Il a fallu de peu pour qu’il me soit arrivé de jeter à l’eau tous mes bienfaits des trente jours du mois de carême. En toute franchise, à la veille du Korité j’ai fais un tour au « Thiapalodromme » de notre quartier. J’étais vraiment décidé cette fois –ci à combattre la gueule de bois qui me rendait bizarre depuis quelques jours. Plutôt, depuis que mes deux oreilles m’ont permis d’entendre que « dans aucun pays du monde la Cour Constitutionnelle ne proclame les résultats ». J’ai pleuré, oui, pas à cause des réformes constitutionnelles qui sont en cours, mais pour la mémoire de mon défunt Professeur de Droit Constitutionnel à l’ENA, Karim Traoré.
Lui qui a consacré toute sa vie afin que ses étudiants, voire tout le peuple malien puisse saisir à sa juste valeur l’importance des attributions de la Cour Constitutionnelle d’une part et la suprématie de la Constitution d’autre part.

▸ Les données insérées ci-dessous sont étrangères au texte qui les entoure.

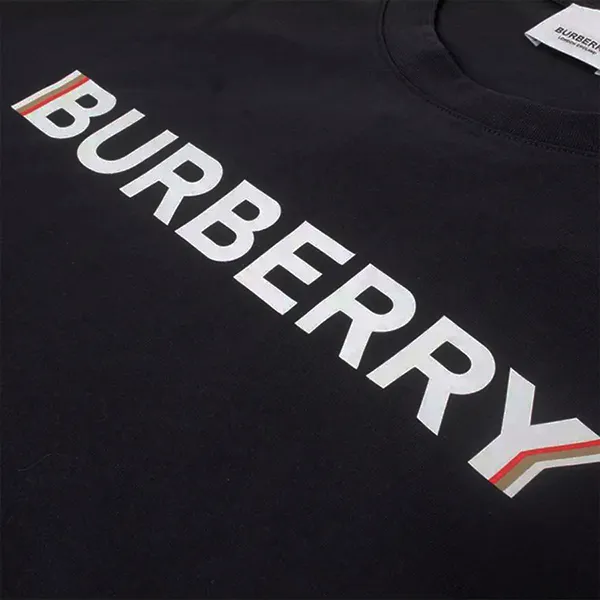 Áo Phông Burberry Logo Print Cotton T-Shirt Màu Đen Size XS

Pour cela, en sa qualité de docteur de troisième cycle en droit public, il a refusé tous les postes juteux ainsi que toutes les opulences de cette vie sur terre afin que le savoir qu’il donnait à ses étudiants ne soit pas estropié. Dans cette mission, il n’a jamais eu peur de se mettre devant toute une salle remplie du palais de la culture « Amadou Hampaté Bà » pour gloser la jurisprudence du conseil constitutionnel français et des chapitres de nos constitutions de la première à la troisième république. Et quand il constatait que son travail ne produisait pas l’effet escompté chez ses apprenants, il ne se privait aucunement de faire redoubler toute une promotion. C’est lui qui donnait plus de cinq cent zéro cinquante. Pourtant, jamais ses sujets traités en entier ne pouvaient dépasser une page pour l’étudiant. Ceux –ci tournaient toujours sur les attributions de la Cour Constitutionnelle, les procédures d’une réforme constitutionnelle et la hiérarchisation des sources du droit.

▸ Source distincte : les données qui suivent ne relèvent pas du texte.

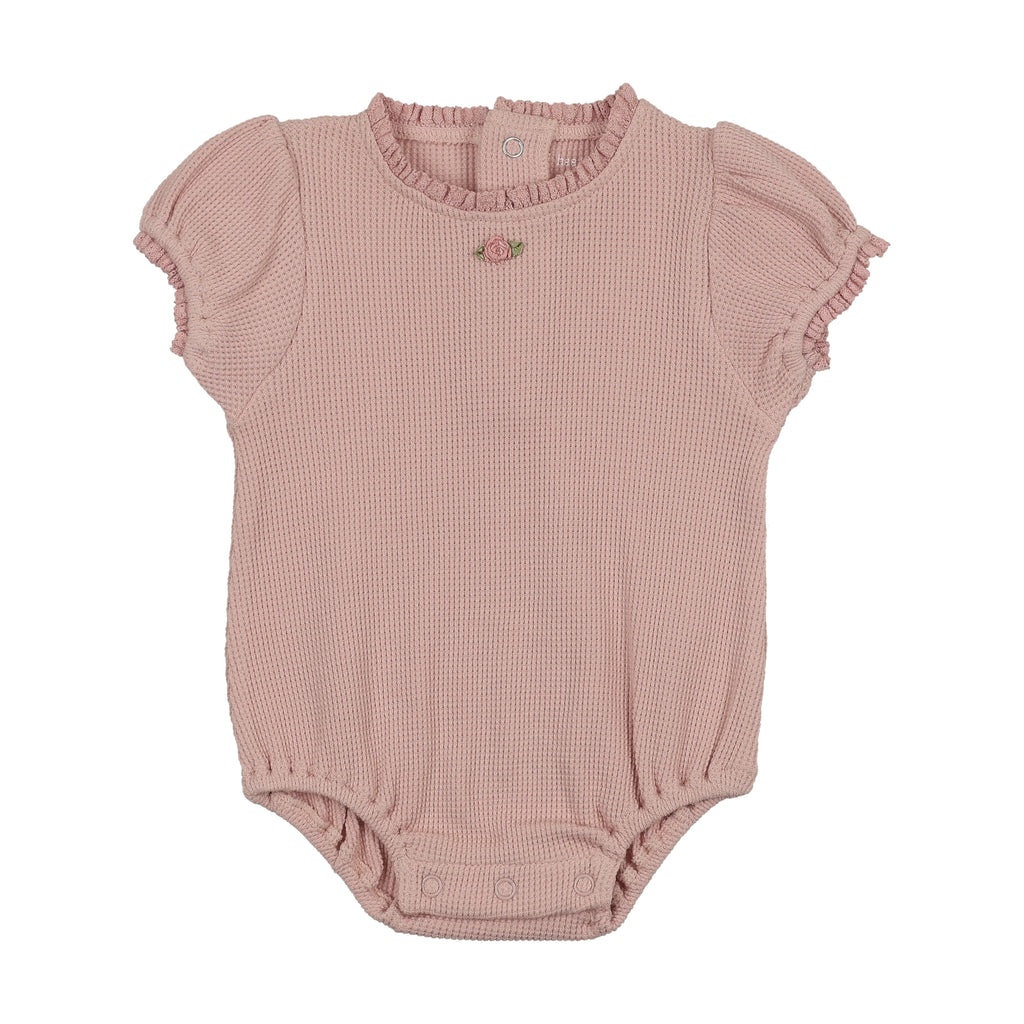 Baby Girl Bubble Romper | Waffle | Muted Pink | Bee and Dee | SS26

Pourquoi nos intellectuels, plutôt nos professeurs des bureaux climatisés ont attendu la mort de ce monument du droit constitutionnel pour reformer, amender, tripatouiller et déformer (à la télé même) les dispositions de cette matière, qui lui était si cher.
Lorsqu’on dit publiquement que la « Cour Constitutionnelle n’a jamais proclamé les résultats d’une élection » l’on a fait que réveiller Karim de sa tombe.
C’est pourquoi, moi je veux volontiers qu’on interdise à toutes les Cours Constitutionnelles des différents pays du monde de proclamer les résultats des élections. Dans ce cas comme disait le grand frère « Salif Sanogo » l’on aiderait l’homme déraisonné à atteindre son but, lui qui veut toujours transformer les choses à son raisonnement.
Vraiment l’occasion est bonne de boire un coup à la mémoire de l’émérite Professeur Karim Traoré, qui a laissé notre constitution orpheline, maintenant à la merci de tout le monde.